Il poursuit un double objectif. D’une part, imposer des obligations spécifiques aux différents opérateurs de la chaîne de l’IA (fournisseurs, utilisateurs, importateurs ou distributeurs) afin de garantir la santé et la sécurité pour les utilisateurs. D’autre part, promouvoir des systèmes d’IA conformes aux valeurs de l’Union européenne, et notamment assurer le respect des droits fondamentaux.
Aperçu de la structure du Règlement
Le Règlement IA repose sur une approche basée sur la gestion des risques liés à l’usage de l’IA. En fonction du degré de risques, les systèmes d’IA sont classés en différentes catégories auxquelles des obligations différentes s’appliquent. Plus un système d’IA comporte des risques élevés, plus il sera soumis à des obligations strictes.
Certaines utilisations de l’IA sont par ailleurs totalement interdites, telles que les systèmes qui utilisent des techniques subliminales dans le but d’induire en erreur, ou encore les systèmes qui exploitent les vulnérabilités des individus.

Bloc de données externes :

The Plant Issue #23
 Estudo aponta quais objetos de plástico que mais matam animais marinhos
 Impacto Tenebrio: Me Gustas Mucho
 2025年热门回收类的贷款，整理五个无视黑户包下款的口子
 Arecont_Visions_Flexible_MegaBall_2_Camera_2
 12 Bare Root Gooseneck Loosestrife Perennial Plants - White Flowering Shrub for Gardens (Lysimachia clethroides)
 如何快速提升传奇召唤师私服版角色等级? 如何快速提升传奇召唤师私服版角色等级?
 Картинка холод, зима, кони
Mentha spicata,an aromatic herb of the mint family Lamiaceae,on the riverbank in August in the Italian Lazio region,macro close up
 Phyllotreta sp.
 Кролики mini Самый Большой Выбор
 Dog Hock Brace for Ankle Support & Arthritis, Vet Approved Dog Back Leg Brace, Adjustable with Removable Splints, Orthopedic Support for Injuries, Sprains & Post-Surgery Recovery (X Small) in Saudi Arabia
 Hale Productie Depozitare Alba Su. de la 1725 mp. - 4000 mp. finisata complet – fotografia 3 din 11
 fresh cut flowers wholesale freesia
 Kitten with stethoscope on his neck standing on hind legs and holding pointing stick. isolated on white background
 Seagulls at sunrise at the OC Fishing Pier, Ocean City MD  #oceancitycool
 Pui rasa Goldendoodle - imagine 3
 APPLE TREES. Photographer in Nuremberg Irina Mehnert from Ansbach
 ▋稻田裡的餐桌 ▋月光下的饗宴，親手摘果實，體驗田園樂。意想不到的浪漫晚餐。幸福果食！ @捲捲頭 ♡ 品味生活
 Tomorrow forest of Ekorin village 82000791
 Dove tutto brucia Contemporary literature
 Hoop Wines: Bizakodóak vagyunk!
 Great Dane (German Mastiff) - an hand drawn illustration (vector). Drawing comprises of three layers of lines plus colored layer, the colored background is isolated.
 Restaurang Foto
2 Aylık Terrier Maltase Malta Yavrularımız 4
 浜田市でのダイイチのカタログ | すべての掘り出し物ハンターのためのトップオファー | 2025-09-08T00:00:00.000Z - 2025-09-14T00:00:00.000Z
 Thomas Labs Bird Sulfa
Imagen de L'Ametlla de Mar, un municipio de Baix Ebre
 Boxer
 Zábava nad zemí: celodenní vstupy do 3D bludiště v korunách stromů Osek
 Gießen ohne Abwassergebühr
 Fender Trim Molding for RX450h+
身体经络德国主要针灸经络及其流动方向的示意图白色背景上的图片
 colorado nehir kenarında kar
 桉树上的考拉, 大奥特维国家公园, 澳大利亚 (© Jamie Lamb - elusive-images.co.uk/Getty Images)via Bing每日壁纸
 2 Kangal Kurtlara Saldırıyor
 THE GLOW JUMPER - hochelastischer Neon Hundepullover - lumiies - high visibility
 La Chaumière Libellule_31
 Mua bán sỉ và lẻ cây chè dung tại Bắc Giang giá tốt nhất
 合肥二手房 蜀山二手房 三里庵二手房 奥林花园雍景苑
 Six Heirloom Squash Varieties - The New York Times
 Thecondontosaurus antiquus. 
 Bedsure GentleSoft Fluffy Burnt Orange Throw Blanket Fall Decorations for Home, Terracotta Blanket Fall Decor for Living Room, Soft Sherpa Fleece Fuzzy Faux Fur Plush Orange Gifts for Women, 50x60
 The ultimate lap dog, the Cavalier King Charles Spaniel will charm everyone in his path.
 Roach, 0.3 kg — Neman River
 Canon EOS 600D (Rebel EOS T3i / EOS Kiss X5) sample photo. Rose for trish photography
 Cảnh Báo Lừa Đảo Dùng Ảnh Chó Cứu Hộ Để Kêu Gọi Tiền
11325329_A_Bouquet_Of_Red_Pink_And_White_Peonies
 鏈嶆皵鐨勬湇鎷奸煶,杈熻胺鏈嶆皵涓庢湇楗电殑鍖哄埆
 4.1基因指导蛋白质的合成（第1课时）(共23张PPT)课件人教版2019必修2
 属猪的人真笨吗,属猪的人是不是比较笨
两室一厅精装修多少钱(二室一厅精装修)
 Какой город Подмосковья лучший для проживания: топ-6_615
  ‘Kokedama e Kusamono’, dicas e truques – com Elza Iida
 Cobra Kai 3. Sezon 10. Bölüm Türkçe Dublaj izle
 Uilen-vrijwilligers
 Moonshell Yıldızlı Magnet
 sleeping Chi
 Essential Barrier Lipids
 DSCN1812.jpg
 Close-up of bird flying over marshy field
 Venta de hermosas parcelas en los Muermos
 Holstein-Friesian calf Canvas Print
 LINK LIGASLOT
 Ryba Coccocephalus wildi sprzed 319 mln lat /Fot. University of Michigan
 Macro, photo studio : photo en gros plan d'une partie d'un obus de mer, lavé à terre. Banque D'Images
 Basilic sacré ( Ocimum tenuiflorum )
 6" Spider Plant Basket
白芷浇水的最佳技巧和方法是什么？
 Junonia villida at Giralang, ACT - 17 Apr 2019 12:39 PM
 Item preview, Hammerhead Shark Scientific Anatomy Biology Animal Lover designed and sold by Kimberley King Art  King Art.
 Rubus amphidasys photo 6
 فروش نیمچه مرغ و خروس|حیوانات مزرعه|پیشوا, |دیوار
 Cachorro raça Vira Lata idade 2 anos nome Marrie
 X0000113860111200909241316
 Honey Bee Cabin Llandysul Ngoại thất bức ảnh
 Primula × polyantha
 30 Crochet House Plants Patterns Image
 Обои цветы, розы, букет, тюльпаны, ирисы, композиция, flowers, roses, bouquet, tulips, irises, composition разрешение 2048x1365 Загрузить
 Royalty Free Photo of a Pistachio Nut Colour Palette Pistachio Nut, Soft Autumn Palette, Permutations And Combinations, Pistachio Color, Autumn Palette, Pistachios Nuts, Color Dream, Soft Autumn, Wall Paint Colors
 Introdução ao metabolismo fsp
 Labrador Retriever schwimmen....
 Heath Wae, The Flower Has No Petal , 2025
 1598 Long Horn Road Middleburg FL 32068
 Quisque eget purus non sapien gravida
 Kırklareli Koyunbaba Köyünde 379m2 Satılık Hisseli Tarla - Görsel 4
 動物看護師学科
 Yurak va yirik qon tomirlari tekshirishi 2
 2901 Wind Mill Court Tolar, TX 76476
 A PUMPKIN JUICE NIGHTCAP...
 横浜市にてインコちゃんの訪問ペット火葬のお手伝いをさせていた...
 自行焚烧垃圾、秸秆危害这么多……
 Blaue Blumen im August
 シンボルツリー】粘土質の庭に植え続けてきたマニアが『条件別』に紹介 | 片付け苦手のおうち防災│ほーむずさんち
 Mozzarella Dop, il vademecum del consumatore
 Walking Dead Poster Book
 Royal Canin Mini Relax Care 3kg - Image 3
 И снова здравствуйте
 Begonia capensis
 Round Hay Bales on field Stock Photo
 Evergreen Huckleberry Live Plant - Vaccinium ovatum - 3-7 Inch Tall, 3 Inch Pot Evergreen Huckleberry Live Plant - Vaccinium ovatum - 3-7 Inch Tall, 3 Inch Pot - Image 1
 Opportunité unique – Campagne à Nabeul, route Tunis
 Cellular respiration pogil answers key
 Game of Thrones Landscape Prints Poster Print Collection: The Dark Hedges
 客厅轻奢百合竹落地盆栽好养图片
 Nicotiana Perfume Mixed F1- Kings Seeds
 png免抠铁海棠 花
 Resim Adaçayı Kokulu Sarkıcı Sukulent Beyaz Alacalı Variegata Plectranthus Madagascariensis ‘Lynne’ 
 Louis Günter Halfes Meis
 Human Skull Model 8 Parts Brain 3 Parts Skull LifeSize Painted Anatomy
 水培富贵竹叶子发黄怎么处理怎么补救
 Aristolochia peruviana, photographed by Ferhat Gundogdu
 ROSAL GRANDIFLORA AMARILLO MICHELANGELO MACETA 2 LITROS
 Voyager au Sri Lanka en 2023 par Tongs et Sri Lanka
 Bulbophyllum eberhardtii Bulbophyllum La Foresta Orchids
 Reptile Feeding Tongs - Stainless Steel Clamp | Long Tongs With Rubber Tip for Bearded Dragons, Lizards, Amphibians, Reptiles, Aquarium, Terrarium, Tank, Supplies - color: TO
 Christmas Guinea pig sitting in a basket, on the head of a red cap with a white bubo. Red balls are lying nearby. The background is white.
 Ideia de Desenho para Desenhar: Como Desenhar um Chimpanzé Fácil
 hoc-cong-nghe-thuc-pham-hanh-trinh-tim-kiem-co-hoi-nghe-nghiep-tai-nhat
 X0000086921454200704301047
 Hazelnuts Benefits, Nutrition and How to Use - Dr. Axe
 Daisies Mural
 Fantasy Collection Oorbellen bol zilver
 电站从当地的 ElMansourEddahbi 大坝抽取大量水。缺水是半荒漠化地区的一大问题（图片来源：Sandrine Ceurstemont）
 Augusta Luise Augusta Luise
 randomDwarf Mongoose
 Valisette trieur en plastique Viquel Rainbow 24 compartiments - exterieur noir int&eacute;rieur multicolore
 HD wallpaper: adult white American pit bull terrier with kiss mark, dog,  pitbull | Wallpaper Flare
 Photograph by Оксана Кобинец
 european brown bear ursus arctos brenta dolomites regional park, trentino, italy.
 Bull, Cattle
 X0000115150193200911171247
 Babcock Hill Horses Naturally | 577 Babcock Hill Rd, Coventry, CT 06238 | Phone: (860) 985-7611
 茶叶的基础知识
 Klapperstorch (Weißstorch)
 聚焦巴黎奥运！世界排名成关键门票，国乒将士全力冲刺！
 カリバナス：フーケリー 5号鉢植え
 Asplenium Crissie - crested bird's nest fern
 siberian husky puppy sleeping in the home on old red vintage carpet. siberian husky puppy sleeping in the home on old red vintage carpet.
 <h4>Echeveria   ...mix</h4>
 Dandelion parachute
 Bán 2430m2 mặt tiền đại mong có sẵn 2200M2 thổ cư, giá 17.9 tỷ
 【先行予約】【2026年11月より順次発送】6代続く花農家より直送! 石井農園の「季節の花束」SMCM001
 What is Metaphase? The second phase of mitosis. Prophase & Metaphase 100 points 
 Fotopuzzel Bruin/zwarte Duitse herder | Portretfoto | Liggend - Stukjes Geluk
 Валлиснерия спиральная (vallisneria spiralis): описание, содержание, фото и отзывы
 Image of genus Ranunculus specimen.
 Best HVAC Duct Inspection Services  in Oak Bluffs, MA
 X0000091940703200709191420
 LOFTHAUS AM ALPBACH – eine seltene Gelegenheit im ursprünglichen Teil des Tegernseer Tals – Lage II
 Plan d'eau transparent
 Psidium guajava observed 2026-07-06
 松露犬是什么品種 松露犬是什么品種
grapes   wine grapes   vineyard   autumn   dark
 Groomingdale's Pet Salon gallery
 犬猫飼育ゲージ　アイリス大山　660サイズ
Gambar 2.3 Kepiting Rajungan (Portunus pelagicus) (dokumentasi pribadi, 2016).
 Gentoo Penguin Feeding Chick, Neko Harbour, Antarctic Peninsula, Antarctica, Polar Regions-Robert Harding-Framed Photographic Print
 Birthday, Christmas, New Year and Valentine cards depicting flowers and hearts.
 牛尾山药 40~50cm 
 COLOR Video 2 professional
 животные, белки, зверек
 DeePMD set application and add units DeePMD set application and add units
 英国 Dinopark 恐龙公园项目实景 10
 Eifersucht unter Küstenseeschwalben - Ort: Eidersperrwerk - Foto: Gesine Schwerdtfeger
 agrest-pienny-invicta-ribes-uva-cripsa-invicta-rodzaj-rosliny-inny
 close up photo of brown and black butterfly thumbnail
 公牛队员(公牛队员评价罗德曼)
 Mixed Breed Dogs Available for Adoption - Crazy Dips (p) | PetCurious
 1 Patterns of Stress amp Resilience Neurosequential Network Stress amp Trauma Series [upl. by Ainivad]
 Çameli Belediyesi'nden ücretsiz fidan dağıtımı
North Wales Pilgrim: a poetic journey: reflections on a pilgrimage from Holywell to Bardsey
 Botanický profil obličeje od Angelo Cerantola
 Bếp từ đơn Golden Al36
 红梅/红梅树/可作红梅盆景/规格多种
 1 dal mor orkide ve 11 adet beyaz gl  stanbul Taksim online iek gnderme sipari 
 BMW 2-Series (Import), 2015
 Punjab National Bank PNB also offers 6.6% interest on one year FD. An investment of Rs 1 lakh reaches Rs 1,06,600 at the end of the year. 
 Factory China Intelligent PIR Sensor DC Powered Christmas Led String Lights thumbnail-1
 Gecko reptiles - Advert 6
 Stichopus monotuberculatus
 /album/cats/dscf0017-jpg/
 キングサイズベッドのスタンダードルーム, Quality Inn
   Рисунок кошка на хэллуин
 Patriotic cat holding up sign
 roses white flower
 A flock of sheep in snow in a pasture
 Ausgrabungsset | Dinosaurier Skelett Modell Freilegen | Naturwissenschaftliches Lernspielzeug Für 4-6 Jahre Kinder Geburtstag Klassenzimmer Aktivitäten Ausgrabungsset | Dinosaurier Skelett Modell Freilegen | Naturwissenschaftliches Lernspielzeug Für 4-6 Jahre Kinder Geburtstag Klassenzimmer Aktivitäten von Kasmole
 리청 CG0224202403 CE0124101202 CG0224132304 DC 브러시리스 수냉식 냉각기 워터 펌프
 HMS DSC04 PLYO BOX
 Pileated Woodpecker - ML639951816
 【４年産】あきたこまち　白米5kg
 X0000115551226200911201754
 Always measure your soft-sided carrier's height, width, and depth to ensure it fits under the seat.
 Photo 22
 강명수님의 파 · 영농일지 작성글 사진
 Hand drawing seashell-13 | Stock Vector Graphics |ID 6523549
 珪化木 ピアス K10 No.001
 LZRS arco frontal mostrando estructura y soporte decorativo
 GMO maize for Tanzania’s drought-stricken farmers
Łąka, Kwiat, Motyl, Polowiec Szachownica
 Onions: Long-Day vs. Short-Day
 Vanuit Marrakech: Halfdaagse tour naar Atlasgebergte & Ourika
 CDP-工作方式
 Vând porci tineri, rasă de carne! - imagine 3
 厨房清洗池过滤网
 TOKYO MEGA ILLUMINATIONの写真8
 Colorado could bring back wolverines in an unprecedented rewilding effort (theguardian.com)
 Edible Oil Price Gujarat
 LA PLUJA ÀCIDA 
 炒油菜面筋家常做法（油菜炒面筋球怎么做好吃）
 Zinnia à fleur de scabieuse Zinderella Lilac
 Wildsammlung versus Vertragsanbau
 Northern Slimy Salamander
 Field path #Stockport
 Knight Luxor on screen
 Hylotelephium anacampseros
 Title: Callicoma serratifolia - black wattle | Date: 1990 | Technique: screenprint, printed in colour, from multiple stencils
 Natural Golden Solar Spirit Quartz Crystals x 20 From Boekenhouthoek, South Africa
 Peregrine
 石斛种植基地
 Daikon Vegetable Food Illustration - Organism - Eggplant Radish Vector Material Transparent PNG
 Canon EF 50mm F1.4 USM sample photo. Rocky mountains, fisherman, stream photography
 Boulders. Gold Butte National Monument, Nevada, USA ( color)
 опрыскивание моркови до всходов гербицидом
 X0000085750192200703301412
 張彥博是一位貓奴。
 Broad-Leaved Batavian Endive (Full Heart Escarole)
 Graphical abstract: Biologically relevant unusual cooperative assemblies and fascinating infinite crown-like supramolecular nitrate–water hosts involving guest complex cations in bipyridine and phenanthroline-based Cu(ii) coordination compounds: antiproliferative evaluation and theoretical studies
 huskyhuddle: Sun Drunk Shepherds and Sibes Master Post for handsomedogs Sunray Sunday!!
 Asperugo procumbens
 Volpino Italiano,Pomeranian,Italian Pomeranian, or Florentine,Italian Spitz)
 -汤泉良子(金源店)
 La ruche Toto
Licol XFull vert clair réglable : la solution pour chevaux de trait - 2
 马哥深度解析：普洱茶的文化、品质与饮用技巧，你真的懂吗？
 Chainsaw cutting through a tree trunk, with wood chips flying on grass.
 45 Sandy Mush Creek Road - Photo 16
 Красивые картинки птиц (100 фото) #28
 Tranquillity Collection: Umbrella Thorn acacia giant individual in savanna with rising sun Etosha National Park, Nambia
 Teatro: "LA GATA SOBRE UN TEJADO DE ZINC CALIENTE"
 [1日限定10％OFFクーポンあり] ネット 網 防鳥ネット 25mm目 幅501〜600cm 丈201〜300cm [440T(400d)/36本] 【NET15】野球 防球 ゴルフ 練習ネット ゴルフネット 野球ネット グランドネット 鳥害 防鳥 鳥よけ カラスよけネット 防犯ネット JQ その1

Les systèmes d’IA à haut risque sont quant à eux soumis aux règles les plus strictes. Pour le fournisseur d’un système IA de ce type, il s’agit principalement d’obligations portant sur :
- la mise en place d’un système de gestion des risques décrivant une politique complète (identification des risques, évaluation, traitement des risques, gestion des éventuels risques résiduels), ainsi qu’un système de contrôle qualité ;
- le développement d’une politique de gouvernance des données permettant d’assurer la qualité des données utilisées dans le développement et l’entraînement des modèles d’IA ;
- la mise en place de systèmes de logs permettant de suivre l’usage de l’IA tout au long de son cycle de vie ;
- la conception d’outils IA assurant un niveau de fiabilité et de cybersécurité adapté à leur finalité d’utilisation ;
- la mise à disposition d’une documentation complète du système d’IA et de sa conformité aux exigences du Règlement IA, avec obligation de transparence à l’égard des utilisateurs (en vue de leur assurer une pleine connaissance des capacités et performances de l’outil IA qu’ils utilisent, et de leur indiquer comment assurer le contrôle humain sur cet usage).
Outre la distinction basée sur le type de système IA, le Règlement introduit également une distinction fondée sur le rôle de l’intervenant dans la chaîne de développement/exploitation du système IA. Plus le rôle est étroitement lié à la conception et la configuration de l’outil, plus les obligations seront lourdes. Le fournisseur du système IA est logiquement le plus exposé aux obligations du Règlement.
L’importance de la qualification du système IA
La définition de règles adaptées au niveau de risques, et donc à chaque type de système d’IA, rend cruciale la question de la qualification du système IA au sein de cette échelle de risques.
Afin de pouvoir anticiper la mise en œuvre du Règlement IA, il convient donc d’évaluer attentivement la nature de chaque outil IA pour déterminer les règles auxquelles il devra se conformer.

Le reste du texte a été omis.